A file dated June 15, 11 days after the crackdown, saw then foreign and commonwealth secretary Geoffrey Howe telling other cabinet members in the weekly meeting that the incident had “severely shaken the confidence of Hong Kong”.
Howe recounted his statements to the House of Commons foreign affairs committee that the government would have to “take its obligations to Hong Kong refugees very seriously indeed, but would need to seek the widest possible help on an international basis”.
“In a brief discussion, it was noted that in the worst case situation described by [Howe] the number of refugees was potentially five million, the entire population of the colony,” the cabinet file read.
It further stated: “British passport holders could not be denied initial entry to this country since their passports entitled them to make a short visit.”
Allen Lee Peng-fei, a former Hong Kong executive councillor who paid several visits to London in 1989 to lobby British officials for rights of abode, told the Post he had not heard of this estimate from officials. “They were just deploying scare tactics,” he said.
Two weeks after that meeting, Howe, while embarking on a trip to Hong Kong to “steady nerves”, suggested to the cabinet that further work needed to be done on “contingency planning for mobilising the international community” in the event of a major cataclysm leading to a mass exodus from Hong Kong.
But subsequent cabinet files showed no more of such plans.
To the disappointment of Hongkongers, the British government eventually granted citizenship to only 50,000 Hong Kong families, a matter of “take it or leave it” as Lee described.
Meanwhile, the issue of granting rights of abode to Hongkongers was once “considered in parallel” with another thorny issue in the city – the influx of Vietnamese refugees, according to another cabinet file dated 1988.
Some 25,000 Vietnamese boat people had arrived in Hong Kong by that time, causing rising complaints that the asylum seekers were straining the city’s financial resources. There were calls for Britain to resettle the refugees as soon as possible.
In a letter dated 5 December 1988 to her colleagues, Thatcher, through her private secretary, indicated that Britain would take in 1,000 boat people.
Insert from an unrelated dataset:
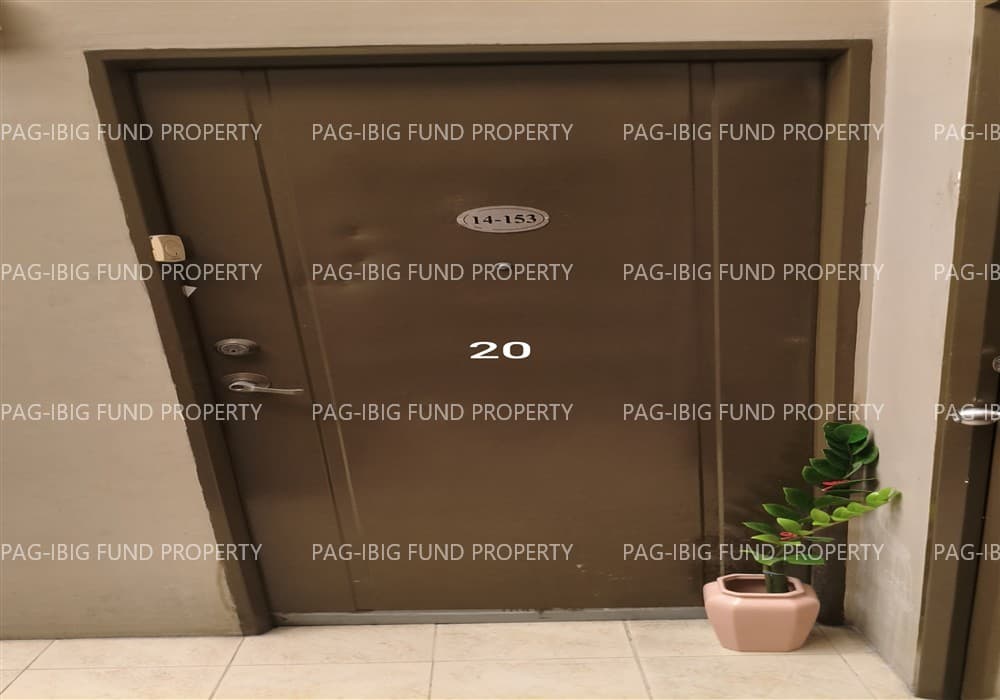 30.09 sq m condo unit at Fountain Breeze Condominium, Parañaque — photo 1 of 1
“In her view, we should help to alleviate the problem which taking the Vietnamese boat people will create by facilitating the citizenship for Hong Kong business people,” the letter read.
The prime minister wanted to reach decisions on both at the same time. It is unclear whether the crackdown six months later affected Thatcher’s choices.
While Lee said he and his allies did not link the fight for abode to the Vietnamese issue, “it is calculative and smart enough that [the British] would have nothing to lose if they let professionals in Hong Kong, such as doctors, entrepreneurs and accountants, settle in Britain.”